= Beginning of Section =

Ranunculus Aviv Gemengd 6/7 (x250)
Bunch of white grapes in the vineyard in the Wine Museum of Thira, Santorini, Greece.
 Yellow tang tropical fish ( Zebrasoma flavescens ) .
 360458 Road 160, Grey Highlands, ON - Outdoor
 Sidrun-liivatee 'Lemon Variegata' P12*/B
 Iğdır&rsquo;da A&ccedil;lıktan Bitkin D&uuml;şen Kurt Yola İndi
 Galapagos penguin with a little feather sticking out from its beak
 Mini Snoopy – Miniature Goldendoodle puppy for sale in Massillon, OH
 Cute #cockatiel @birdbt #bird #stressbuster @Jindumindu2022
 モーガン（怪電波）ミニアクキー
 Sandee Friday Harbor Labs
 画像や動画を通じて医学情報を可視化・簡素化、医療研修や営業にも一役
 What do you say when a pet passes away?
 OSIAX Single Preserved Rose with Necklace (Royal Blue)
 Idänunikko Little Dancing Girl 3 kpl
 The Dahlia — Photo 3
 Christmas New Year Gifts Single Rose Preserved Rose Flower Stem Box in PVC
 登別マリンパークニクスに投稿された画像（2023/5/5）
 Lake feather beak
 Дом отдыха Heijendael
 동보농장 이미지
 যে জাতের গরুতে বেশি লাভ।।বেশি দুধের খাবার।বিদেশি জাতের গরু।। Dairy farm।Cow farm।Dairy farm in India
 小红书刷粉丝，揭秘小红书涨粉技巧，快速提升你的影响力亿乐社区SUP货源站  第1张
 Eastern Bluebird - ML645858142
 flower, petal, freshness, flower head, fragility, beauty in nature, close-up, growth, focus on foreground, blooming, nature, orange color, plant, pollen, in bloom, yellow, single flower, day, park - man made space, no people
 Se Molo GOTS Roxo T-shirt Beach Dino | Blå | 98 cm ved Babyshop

= End of Section =

## [What you have to do]
From the records above, extract exactly and only the lines that begin at the line with "登別マリンパークニクスに投稿された画像（2023/5/5）" and stop after the line with "flower, petal, freshness, flower".

## [Answer for the task]
 登別マリンパークニクスに投稿された画像（2023/5/5）
 Lake feather beak
 Дом отдыха Heijendael
 동보농장 이미지
 যে জাতের গরুতে বেশি লাভ।।বেশি দুধের খাবার।বিদেশি জাতের গরু।। Dairy farm।Cow farm।Dairy farm in India
 小红书刷粉丝，揭秘小红书涨粉技巧，快速提升你的影响力亿乐社区SUP货源站  第1张
 Eastern Bluebird - ML645858142
 flower, petal, freshness, flower head, fragility, beauty in nature, close-up, growth, focus on foreground, blooming, nature, orange color, plant, pollen, in bloom, yellow, single flower, day, park - man made space, no people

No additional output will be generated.